Âlimlerimiz, İslam’ın kaynağının 4 olduğunu söylemişlerdir. Bunlar, Kur'an Kerim, Peygamberin sünneti, kıyas-ı fukaha ve icmayı Ümmettir.
Kur’an, Allahlımızın Peygamberi Hz. Muhammed (sav) aracılığı ile yeryüzüne indirdiği tek hakikat kaynağıdır. Allah (c.c) kitabında yapacağımız şeyleri ve yapmayacağımız şeyleri açıkça belirtmiştir.
Sünnet ve Hadis-i Şerifler, Kur’anı en iyi bilen Allah Resulünün uygulamalarıdır.
Kur’an da namaz kılın emri vardır ama ne kadar ve nasıl kılacağımızı Peygamberimiz den öğreniyoruz.
Kıyas-ı fukuha, karşılaşılan bir olay, Kur’an da ve Hadiste yoksa âlimlerimizin "Bu olay şuna benziyor. O halde bu hükümden faydalanalım" demesidir.
İcma-i Ümmet, Müslümanların çoğunluğunun bir konu hakkında fikir birliği etmesidir.
Bunların Kur'an a ters düşmemesi de şarttır.
Hazret-i Ebu Bekir’in kaydettiği bilinen 500 Hadis-i Şerif vardır. Ancak daha sonra binlerce hadis karşımıza çıkıyor. Özellikle İsrailli ajanlar birçok hadis rivayet etmişlerdir.
İSRAİL İSLAM ÜNİVERSİTESİ
İsrail, Telaviv de 60 senedir eğitim veren bir üniversite var. Adı, İslam üniversitesi.

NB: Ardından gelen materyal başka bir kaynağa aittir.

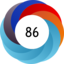 Altmetric score 86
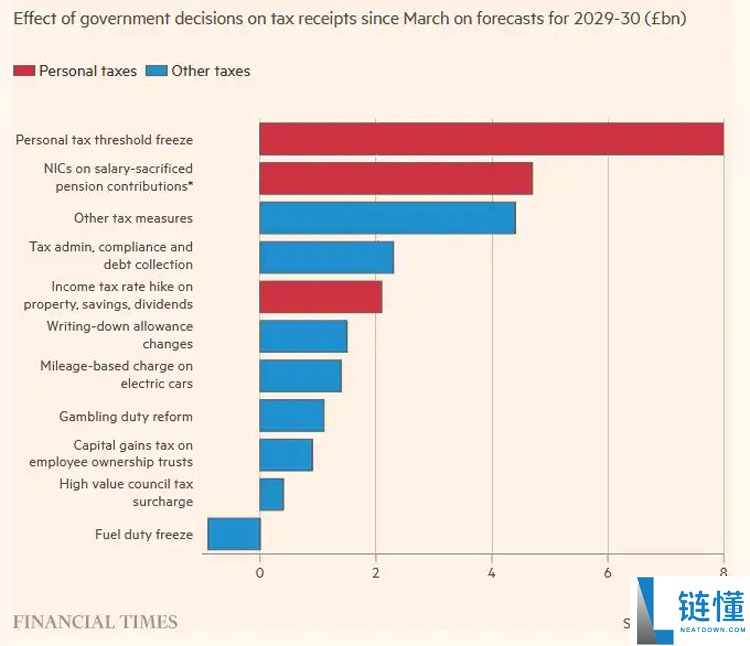 比特币（BTC）重返9万美元后能否开启圣诞行情？一文了解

Bu üniversitede Kur’an, tefsir. Hadis, fıkıh, kelam, İslam tarihi ve ülkelerin örf ve adetleri gibi dersler okutulur.
Yahudiler, küçükten aldıkları Yahudi çocuklarını, Hoca kılığında yetişirler ve içimize salarlar.
Karşımıza sırtında cübbesi, başında sarığı, elinde üç 33'lük tesbihi olan bir adam çıkarsa, "Bu gerçek İslam alimi mi yoksa ajan mı?" bunu nasıl anlayacağız.
Bu adama bakarız. Eğer kendisi cihat ediyor, çevresindekilere de cihat tavsiye ediyorsa o bizim âlimimizdir. Yok, sadece abdest, namaz, namaz, oruç, hac ve umre diyorsa o adamdan uzak durmalıyız.
Elbette namaz, oruç, hac İslam’ın önemli ibadetleridir. Ancak cihat, bu İslam sarayının zirvesi dir.
Cihat, bir Müslümanın gerçek mi yoksa sahte mi olduğunun en önemli bir göstergesidir, adeta asitle bazı birbirinden ayıran turnusol kâğıdıdır.
Adam bizden fazla İSLAMI biliyor ve anlatıyor. Ama cihat etmiyor ve hatta yanındakileri cihat etmekten alıkoyuyorsa iyi bilinmelidir ki bu adamın ajan olma ihtimali çok yüksektir.
Çünkü bunlar, Müslümanlara cihat edin derlerse ucu kendi guruplarına dayanacaktır.
Bizim vaizlerimiz de hükümete ters düşmekten korktukları için cihat edin dememektedirler. Bu vaiz efendiler, hükümetten korktukları kadar Allahtan korksalardı, Allah’ın cihat emrini gizlemezlerdi.
KUR'AN VE SÜNNET
Kur’an-ı Kerim, Saff suresi 10 ve 11. Ayetlerde "Ey iman edenler, sizi elim (dünya ve ahirette) azaptan kurtaracak bir ticareti göstereyim mi? Allah ve Resulüne iman edersiniz. Mallarınız ve canlarınızla da cihad edersiniz. Eğer bilirseniz bu sizin için çok hayırlıdır" buyurmaktadır.
Hiçbir Müslüman ben cihat etmem diyemez. Çünkü cihad etmeyen Müslümanı, dünya ve ahirette çok acıklı bir ceza beklemektedir.
Hâlbuki bu dinin Peygamberi, Medine döneminde bizzat cihat ve gaza ederek bizlere örnek olmuştur.
Peygamberimiz: “Benden sonra size iki emanet bırakıyorum. Bunlara uyarsanız yolunuzu şaşırmazsınız. Bunlar, Kur’a-ı Kerim ve benim sünnetimdir." buyurmuştur.